- Sire: Bull Lea
- Grandsire: Bull Dog
- Dam: Two Bob
- Damsire: The Porter
- Sex: Filly
- Foaled: 1946
- Country: USA
- Colour: Bay
- Breeder: Calumet Farm
- Owner: Calumet Farm
- Trainer: Horace A. Jones
- Record: 26 Starts: 15-6-3
- Earnings: $309,250

Major wins
- Princess Doreen Stakes (1949) Cleopatra Handicap (1949) Artful Stakes (1949) Arcadia Handicap (1949) Santa Margarita Handicap (1950) Vanity Handicap (1952) Hollywood Gold Cup (1952) Ramona Handicap (1952) San Mateo Handicap (1952) Children's Hospital Handicap (1950)

Awards
- American Champion Three-Year-Old Filly (tie) (1949) American Champion Older Female Horse (1950)

Honours
- U.S. Racing Hall of Fame (1982) #77 - Top 100 U.S. Racehorses of the 20th Century

= Two Lea =

American-bred Thoroughbred racehorse

Two Lea (1946-1973) was a champion American Thoroughbred racehorse who was the 1949 Champion Three-Year-Old Filly and 1950 Champion Older Female.

==Background==
Born at Calumet Farm in Lexington, Kentucky, her sire was Bull Lea whose progeny were already successful. Her dam was Two Bob, winner of the 1936 Kentucky Oaks.

As a yearling Two Lea developed ringbone, a difficult condition which delayed her training and the start of her racing career.

==Racing career==
By the time Two Lea stepped on a track at two years of age, the 1948 season was almost over. In her first three tries, she won only her last, a race at Belmont Park, by four lengths.

At three, Two Lea started seven times, winning six of her races. Her only defeat came in the Modesty Stakes against older females; in that race, she carried ten pounds more than the winner. In the Cleopatra Stakes, Two Lea raced against another stablemate, Wistful, who was considered the East Coast's leading filly. Wistful had won the 1949 Kentucky Oaks, the Pimlico Oaks, and the Coaching Club American Oaks and was on her way to divisional honors. Two Lea beat her easing up. In her last three-year-old race, the Artful, she defeated But Why Not, the female champion of 1947. Here, Two Lea came close to equaling the world record for seven furlongs.

Two Lea shared the 1949 three-year-old female championship with Wistful, another Calumet horse, as the fillies tied in the Daily Racing Form poll.

At four, after two wins, she raced males. Ridden by Eddie Arcaro for the first and last time, she contested the Santa Anita Maturity with Ponder, winner of the previous year's Kentucky Derby. On the lead and with Ponder challenging, Arcaro not only did not urge her, he was easing her up. Two Lea held on to second place. Then came the Santa Anita Handicap which Two Lea did not win, but then neither did Citation nor Ponder. They all gave weight to a horse called Noor. Noor won, Citation placed, Two Lea showed, and Ponder came in fourth. At the end of the year, Two Lea was named the Champion Older Filly for 1950.

For the next year and a half, Two Lea did not race, once again enduring ringbone. The treatment was called a "pinfire," a "cure" which resulted in a large knob on her fetlock.
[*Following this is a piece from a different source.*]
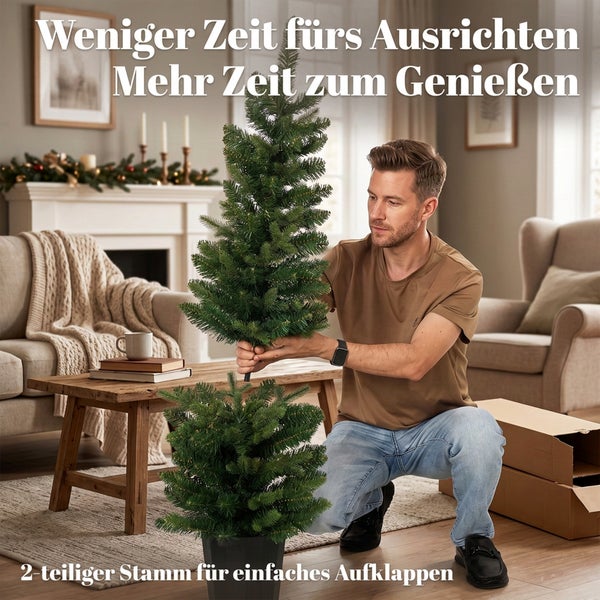 Ein Mann baut einen künstlichen Weihnachtsbaum in einem Wohnzimmer zusammen, der aus zwei Teilen besteht und ein einfaches Aufklappen ermöglicht.
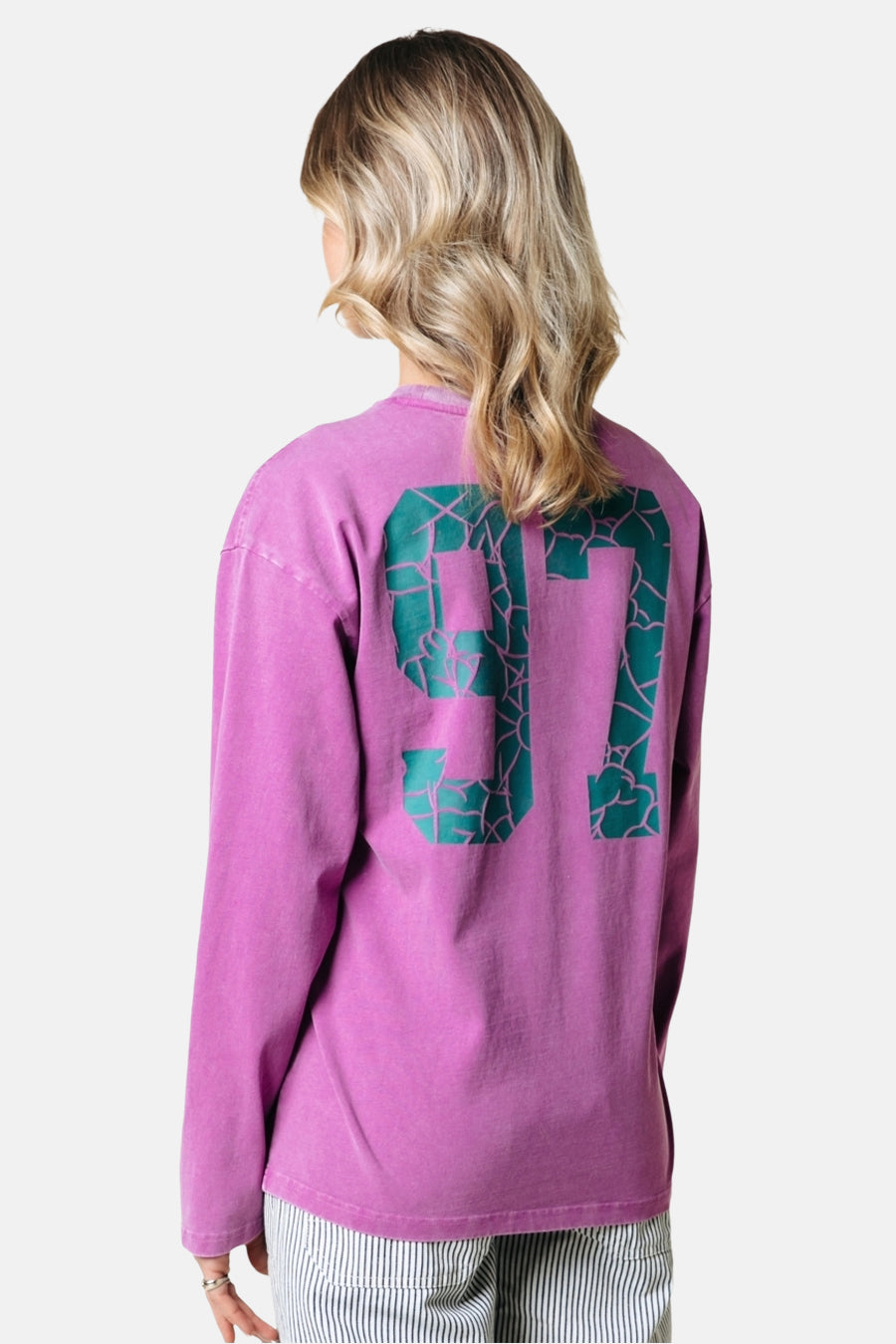 Roze T-shirt met lange mouwen van COLOURFUL REBEL, met groen nummer 97 op de rug, gedragen met gestreepte broek.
By the time she came back to the races in 1952, she was six years old. Two Lea started eleven times and won six times, five of those wins coming in stakes races. She beat Wistful again, giving her ten pounds, and then won the Hollywood Gold Cup against males. Her last races were at Bay Meadows Racetrack, where she won the San Mateo Handicap and the Children's Hospital Handicap under top weight. In her career, Two Lea finished unplaced only twice.

==Broodmare==
Two Lea was also successful as a broodmare. Among others, she gave birth to Tim Tam, a horse who came very close to winning the Triple Crown. Her son On-and-On won the Brooklyn Handicap, the Ohio Derby, the Tropical Park Handicap, and a number of other stakes.

Two Lea was 27 when she died in 1973. She is buried at Calumet Farm.